La prospettiva sociologica, proposta dalla riflessione di Rosangela Lodigiani, suggerisce di mantenere un punto di osservazione più ampio nell’orizzonte dei cambiamenti in atto, che non deve mai dimenticare una parola chiave: sostenibilità. Il concetto di sostenibilità deve essere applicato ovviamente al contesto sociale e delle comunità, ma aprirsi sempre di più ad una riflessione sui suoi tre macro assi – economico, ambientale, sociale – che rivelano l’importanza di ripensare “velocemente” ad una radice antropologica del lavoro.
La parte delle Esperienze ci presenta tre modi diversi di osservare il “lavoro che cambia”.
Il primo è offerto da Giovanni Scansani, un professionista dalle mille sfaccettature che si occupa da anni di questi temi e che ha la peculiarità di guardare il fenomeno dalla prospettiva accademica, consulenziale, organizzativa e anche di diffusione culturale. Scansani mette a fuoco il valore del lavoro, del welfare aziendale e della nuova leadership, scandagliando il lavoro agile nella necessità di porre sempre di più l’attenzione su un welfare aziendale pensato sempre nell’ottica di un win-win tra organizzazione e collaboratori.
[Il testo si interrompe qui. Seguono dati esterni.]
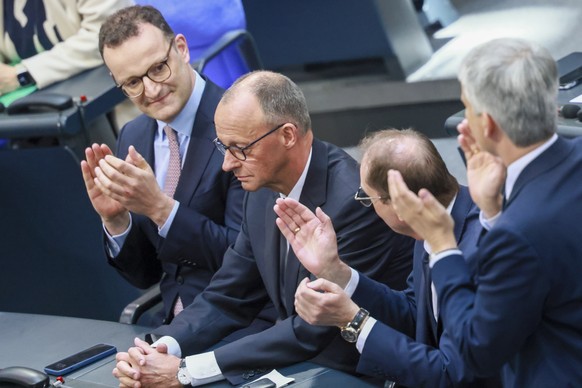epa12077875 German newly elected Chancellor and Christian Democratic Union (CDU) party chairman Friedrich Merz (2-L) receives applause after the second round of voting at the Bundestag in Berlin, Germ ...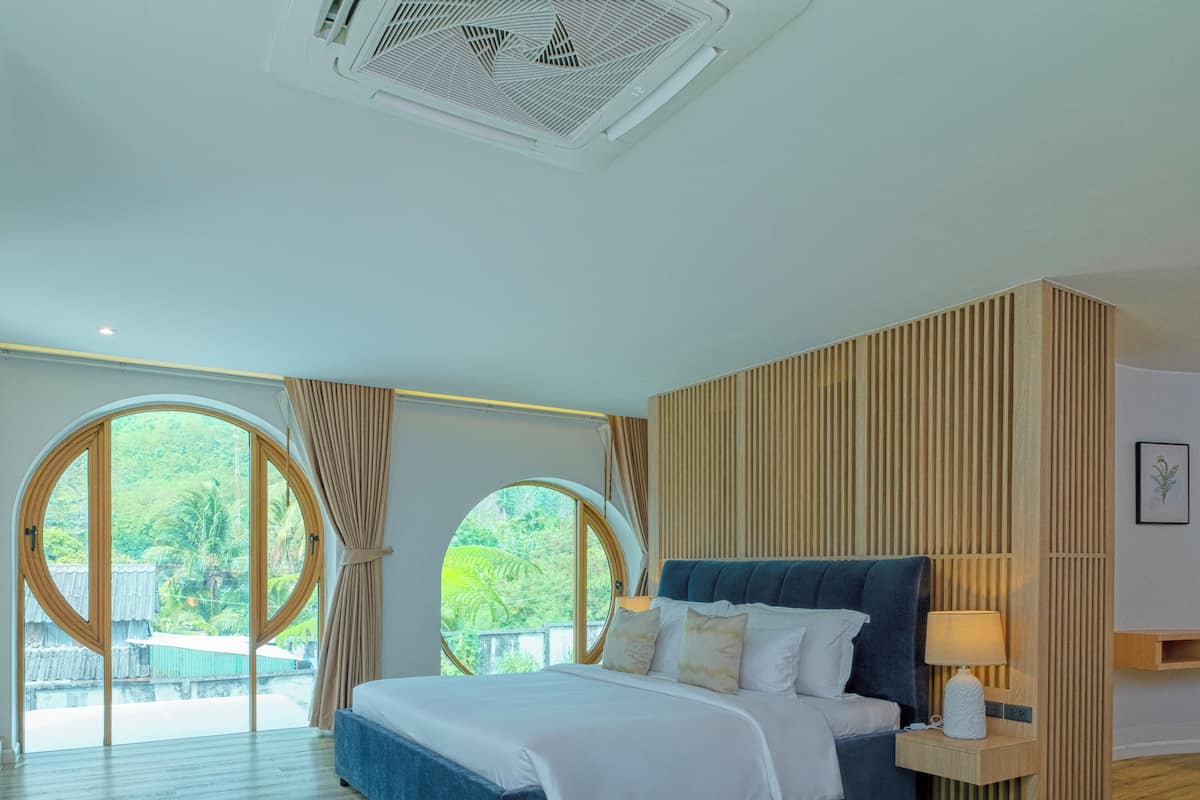 Um quarto espaçoso com uma cama grande, cabeceira de madeira e vista para o verde através de janelas amplas.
Il secondo è presentato da Elinora Pisanti, Human Resources Executive Director Italia e ora UK e Irlanda di Bristol Myers Squibb, che da oltre 25 anni si occupa di gestione delle risorse umane nelle grandi e complesse organizzazioni di diversi settori, sia in Italia sia a livello internazionale. Pisanti ci invita a mettere davvero al centro le persone nel lavoro del futuro, e non secondo uno slogan più o meno blasonato, ma in base ad iniziative concrete che mostrano come sia possibile farlo anche in una grande multinazionale.
Il terzo è proposto da Riccardo Tosi, con una grande esperienza in Enel, e che si è trovato in questo ultimo periodo, come tanti, a gestire a distanza alcuni team di lavoro. Dalla sua esperienza emergono non solo vantaggi e svantaggi, rischi e opportunità incontrati, ma anche il tema della gestione di uomini e donne, quello della costruzione della fiducia da remoto e del monitoraggio delle risorse e il confronto tra lavoro e famiglia nella gestione delle relazioni, con un accenno sulla conciliazione famiglia-lavoro nell’ottica dei padri.
A conclusione di queste pagine, che è stato abbastanza complicato mettere insieme perché stiamo parlando di fenomeni non ancora conclusi e tuttora in trasformazione, ci resta una consapevolezza su tutte che risponde forse alla domanda provocatoria del titolo di questa Introduzione: sarebbe più facile sposare un avatar, ma di certo ci perderemmo il bello dell’umano, che è innanzitutto relazione, e questa consapevolezza dobbiamo poterla portare nel nostro contesto professionale.